- [PROBLEM TO SOLVE]
Reproduce, exactly and in full, only the lines below from the one containing "Chinese 3D Carved" through the one containing "Blue Rayon Slub".

- [DATA FOR ANALYSIS]
##############################

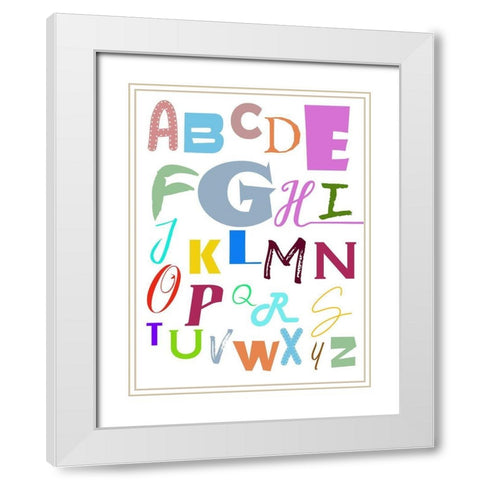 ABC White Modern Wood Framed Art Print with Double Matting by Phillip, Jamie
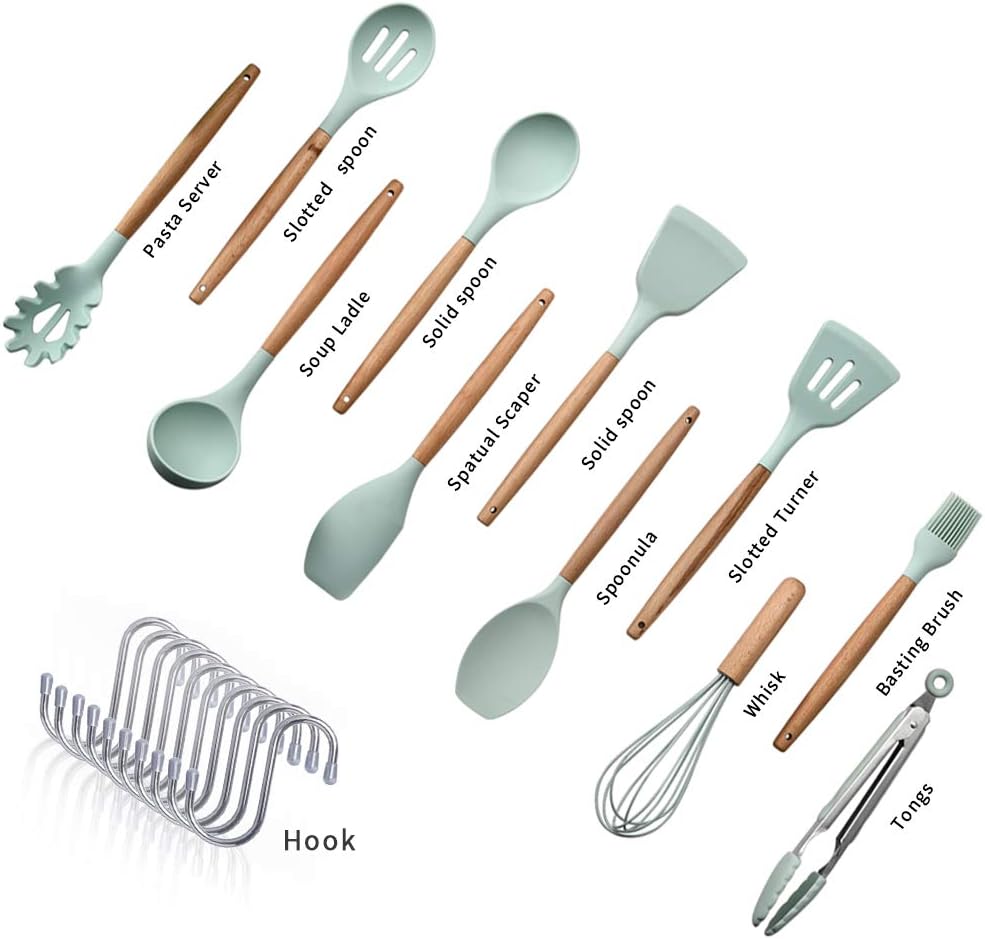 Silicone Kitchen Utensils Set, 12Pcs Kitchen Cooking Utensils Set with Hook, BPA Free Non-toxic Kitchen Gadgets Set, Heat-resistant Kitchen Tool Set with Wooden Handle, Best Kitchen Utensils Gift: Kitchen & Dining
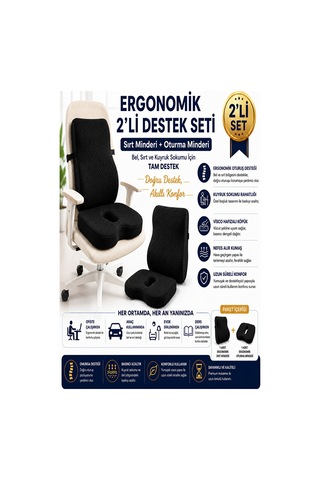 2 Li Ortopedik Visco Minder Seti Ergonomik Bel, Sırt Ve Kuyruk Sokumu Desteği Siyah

##############################

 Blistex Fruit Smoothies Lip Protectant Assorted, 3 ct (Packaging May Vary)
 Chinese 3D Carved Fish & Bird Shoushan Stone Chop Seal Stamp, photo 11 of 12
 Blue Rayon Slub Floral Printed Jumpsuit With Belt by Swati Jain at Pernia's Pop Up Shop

##############################

- [SOLUTION TO THE PROBLEM]
 Chinese 3D Carved Fish & Bird Shoushan Stone Chop Seal Stamp, photo 11 of 12
 Blue Rayon Slub Floral Printed Jumpsuit With Belt by Swati Jain at Pernia's Pop Up Shop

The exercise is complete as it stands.